I liked it better before I became afraid - when it was just me and no one loved or depended upon me (which, as I have grown older, I realize has never been the case).

I hope my fears do not become irrational and hold me back, but I also hope that I will never lose my healthy fears.

My Greatest Fears Are:

Ignorance, foolishness, overconfidence, and stupidity. Being too confident and not realizing that I'm in a dangerous situation until it's too late and I panic or run out of options. Then my only option is to drop my expensive gear and surface and I refuse to drop my gear until it is too late. And as I go down I realize that through my foolishness I have let those down whose lives depend upon me.

A real life situation is the guy that ran out of air, switched to his pony, but when he reached the surface was too exhausted to manually inflate his BCD and almost went under - saved by a boater. In retrospect should have dropped his weights and/or gear, but was too exhausted and panicked.

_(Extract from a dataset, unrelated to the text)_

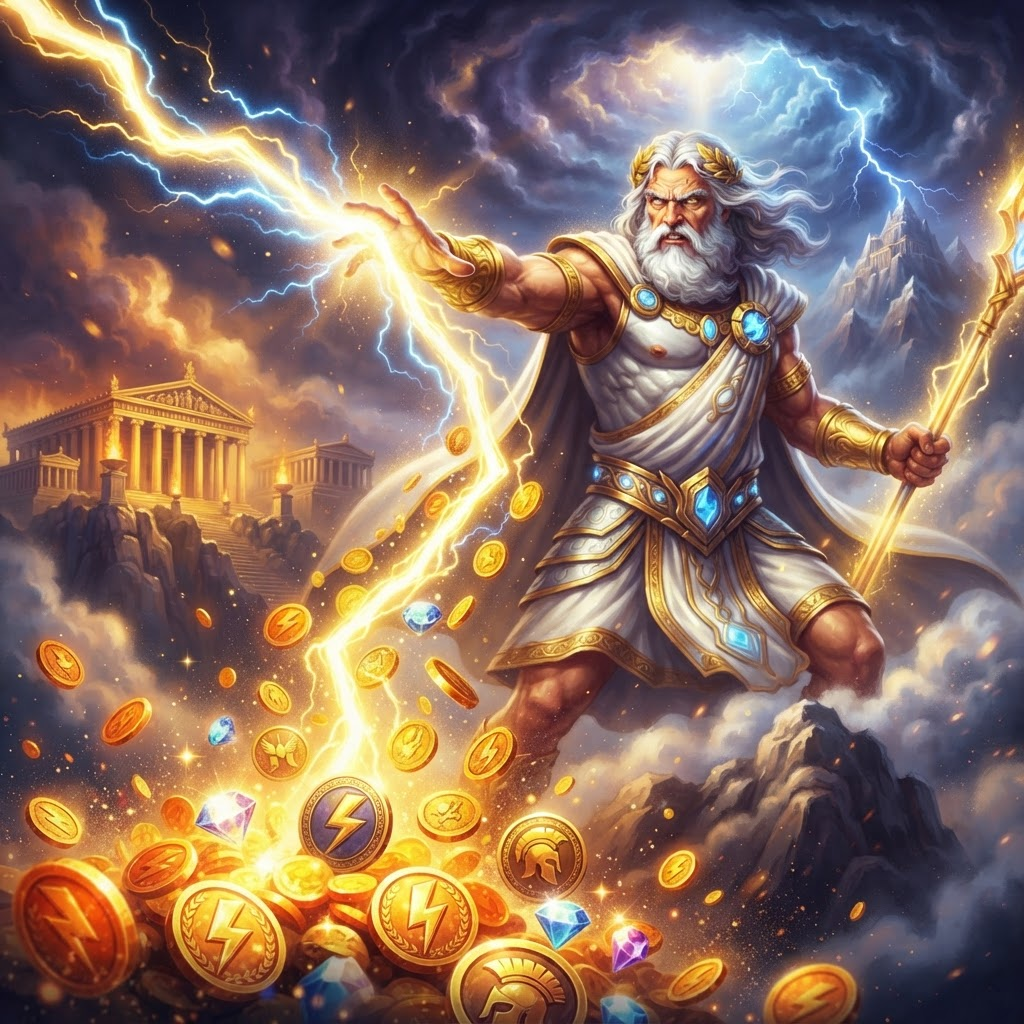 Gates of Olympus slot by Pragmatic Play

Here are two other "real life" examples that terrify me - they both led to death. The first was in the Red Sea when the guy kept going deeper and deeper, probably holding onto his expensive camera too long - should have ditched it and headed towards the surface, but it was too late and he sank hundreds of feet to the bottom. The other example is the guy with thousands of dives who was all geared up for a tech dive, jumped in the water and sank quickly to the deep deep bottom - he had forgotten to turn on his air.

These "Rescue Diver" scenarios remind me of my vulnerability and I pray that I will not get overconfident and complacent.

drdaddy
 
Nope, never think of that one.
The worst thing I do not want to happen is screwing up bad enough to be maimed yet still alive. If I was truly afraid or scared I would not be diving.
 
I'm afraid of updrafts and downdrafts. I've been in both (thank Heaven, no downdrafts that were really serious). I can't figure out how to predict them, and I'm way too slow to recognize what is happening to me. Both my husband and I had bad experiences yesterday with little microbursts along a wall in current that blew us up some 20 feet before we got stopped. I dive walls in current with great trepidation.

As a new diver, I'm most afraid of the things I don't know that I don't know.

Like updrafts & downdrafts? I was totally unaware that I should be worried about these.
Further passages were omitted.